**EXERCISE DESCRIPTION**. Find the line that holds "Exclamation button icon" in the material below. Output that line and each one after it exactly, but not the pictures.

**RECORDED INFORMATION**.
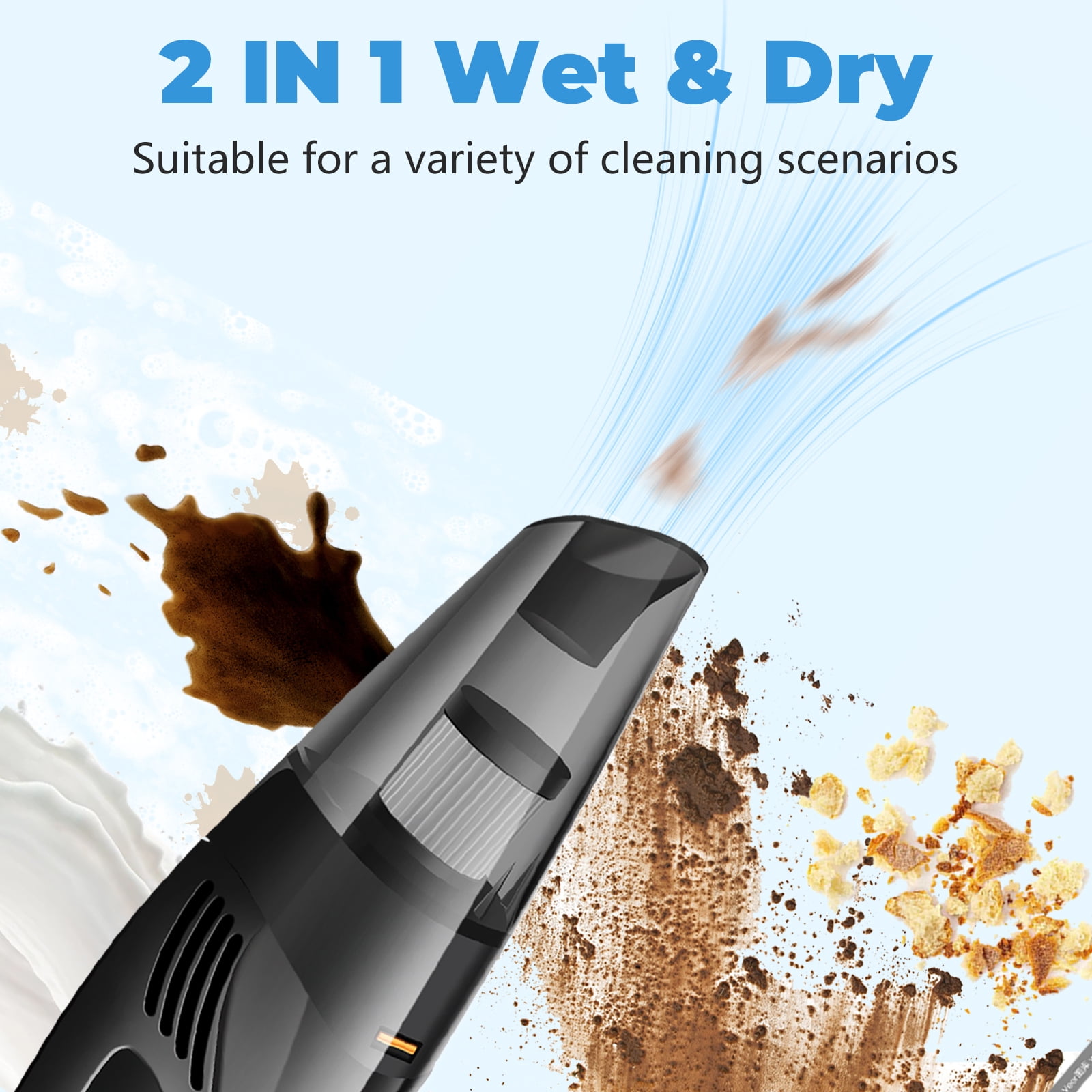 Cordless Handheld Car Vacuum, Portable Vacuum Cleaner, 12000PA Powerful Suction for Car, Black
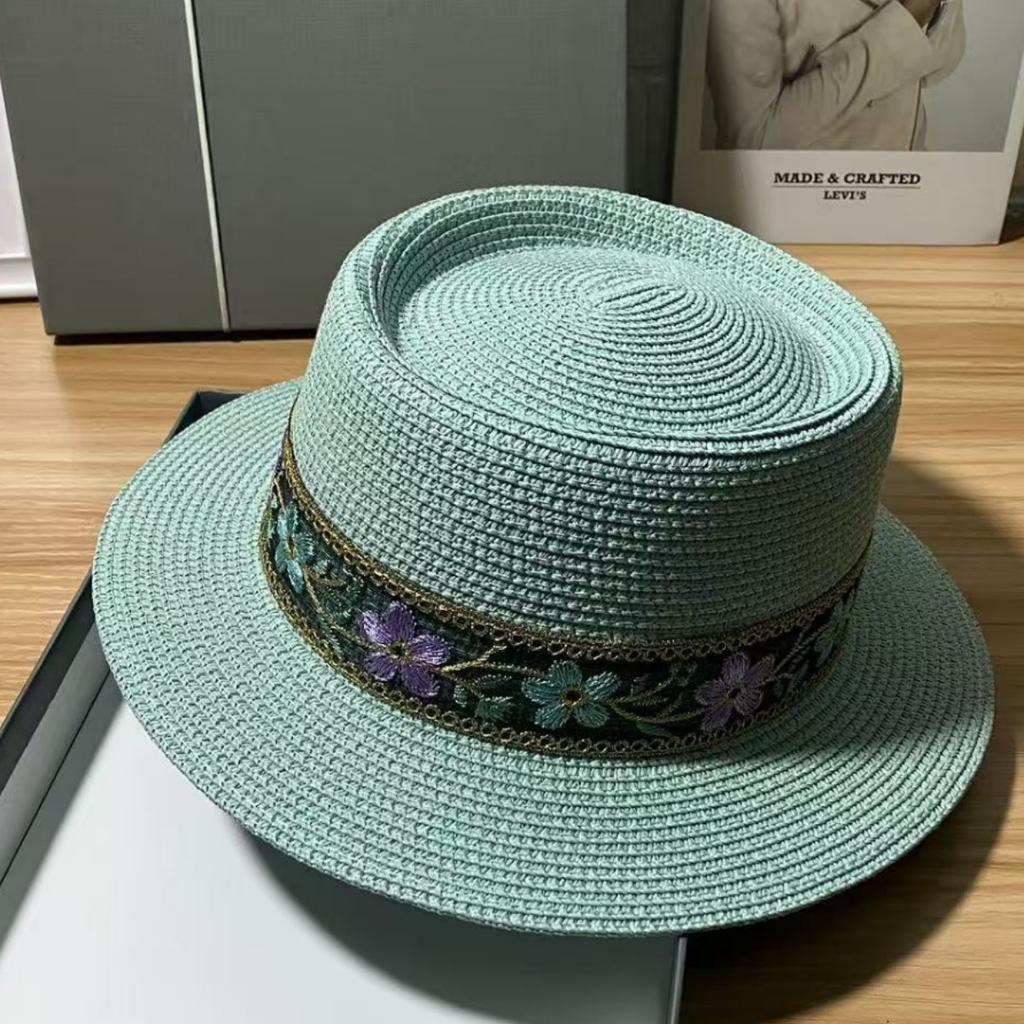 Retro Ethnic Style Embroidery Flower Beach Hat Children Spring and Summer Pot Hat Top Hat Versatile Sunscreen Sunshade Travel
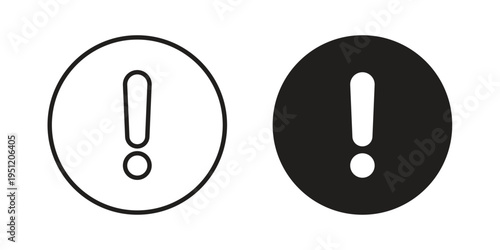 Exclamation button icon in line design. icon for website design, mobile app, ui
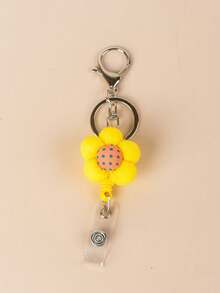 3D Flower Retractable Pull Keychain Double Rings Business ID Card Badge Holder With 40CM Extendable Strap Suitable For Men & Women Students Nurses Access Cards - Multicolor - View 9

**RESULT**.
 Exclamation button icon in line design. icon for website design, mobile app, ui
 3D Flower Retractable Pull Keychain Double Rings Business ID Card Badge Holder With 40CM Extendable Strap Suitable For Men & Women Students Nurses Access Cards - Multicolor - View 9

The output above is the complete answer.